Thursday, January 16, 2020

Margie Hoffman



Marjorie Gwinnett Hoffman was not a relative. But she was a special person in our family.



My grandmother died when she was 59 years old. Margie’s husband died in 1967, so he must have died at around the same age.

My grandfather, Ralph Wellons and Margie Hoffman were a couple for a couple of decades... the last decades of his life. They never married. She did not give up her home, which was on a small farm west of Anderson. They never moved in together. They just saw each other almost every day and went out on the town most nights. Dinner. Or Dinner and a show. Or a visit to the kids.

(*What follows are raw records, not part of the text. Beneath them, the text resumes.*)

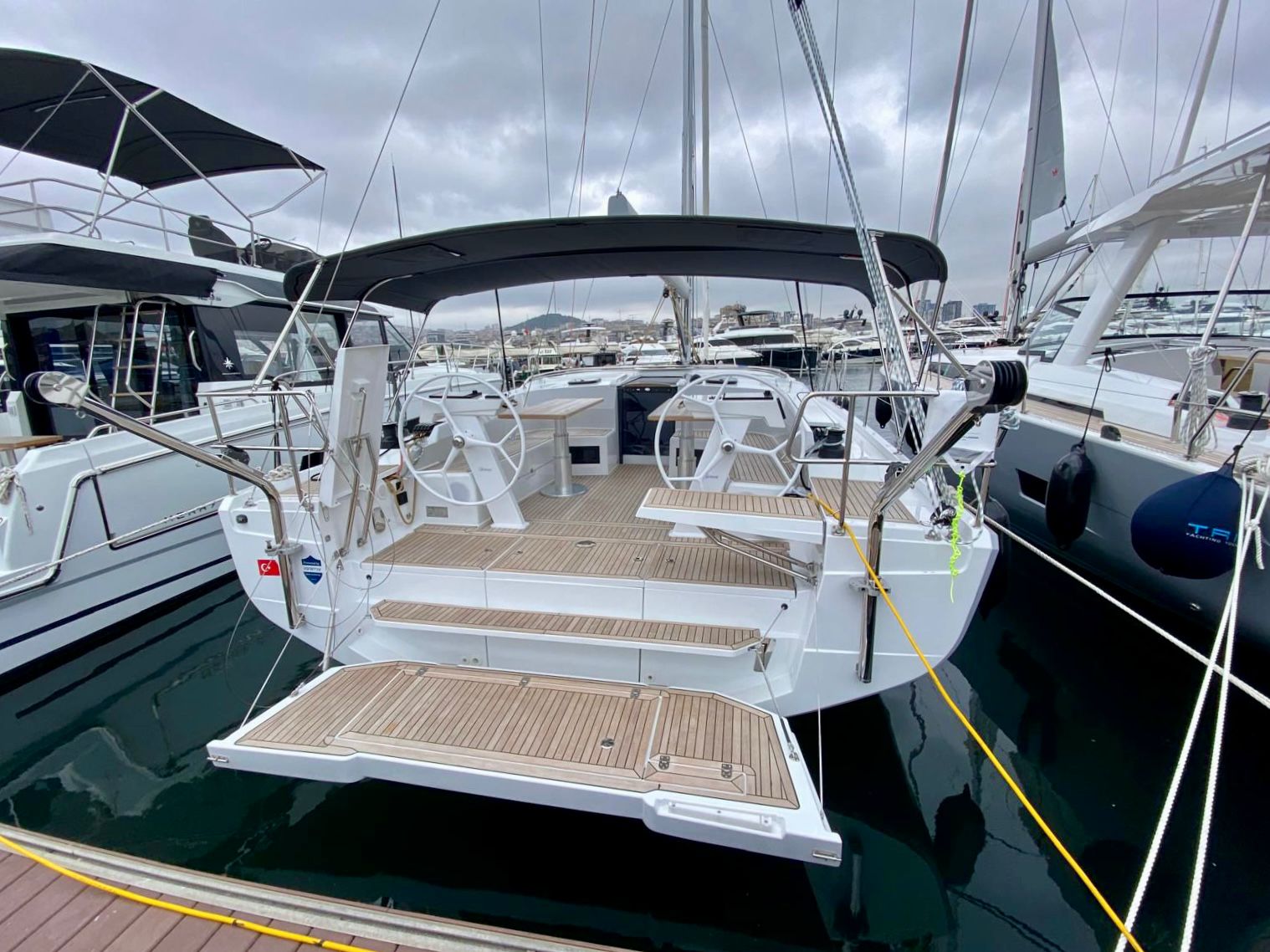 Hanse 410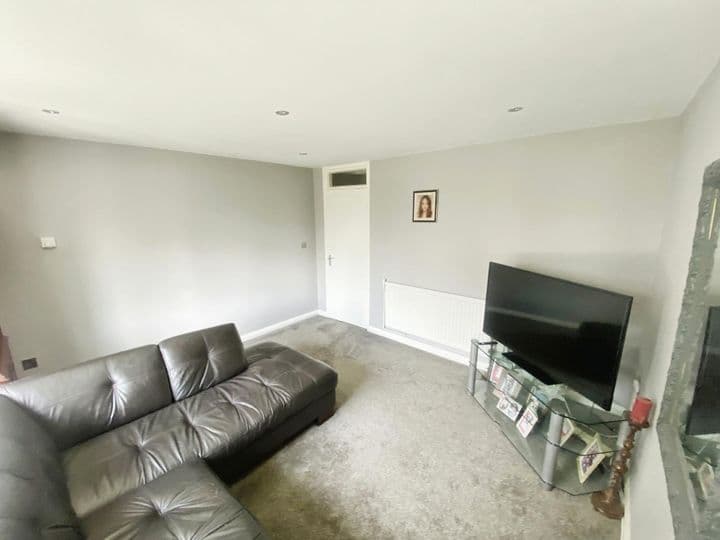 1 bedroom apartment for sale in Sheffield, United Kingdom - Image 3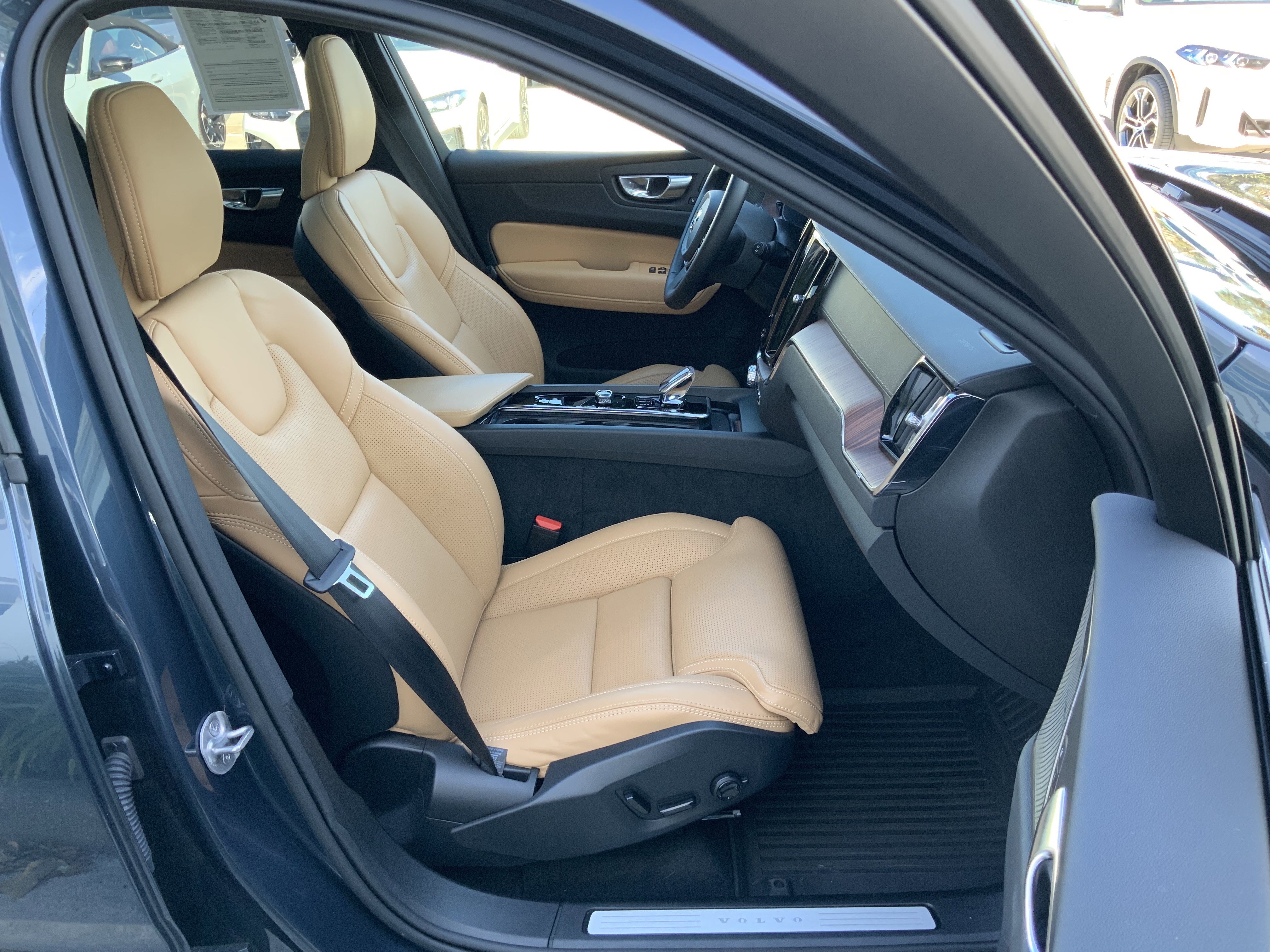 Used 2025 Volvo XC60 B5 Ultra w/ Protection Package Premier image 22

Margie was always there for a few hours for Christmas with our family in mom and dad’s new house outside of Huntsville, Indiana after we moved to Florida.

She was amazing. And she was the perfect woman for a fun guy like my grandfather, who didn’t have much formal education, but liked to travel and keep active. She actually was a graduate of Lapel High School. For an older lady, she was very proper, but then would laugh along with the rest of us even when my brother Jay would tell risqué jokes he would pick up from the Bob and Tom radio show or from his factory coworkers. That combination of dressing and acting very proper and yet being able to joke around with my grandfather’s grandkids was endearing. Just what he was looking for.

He would do odd jobs at her house, which he would have missed since he sold his house and moved into a single wide mobile home.

Margie lived a very full life and died at age 97, several years after her special friend, Ralph Wellons, had passed.

In the picture are Beverly Wellons, Bob Wellons, Mary Alice Dixon, Jerry Dixon, Ralph Wellons and Margie Hoffman.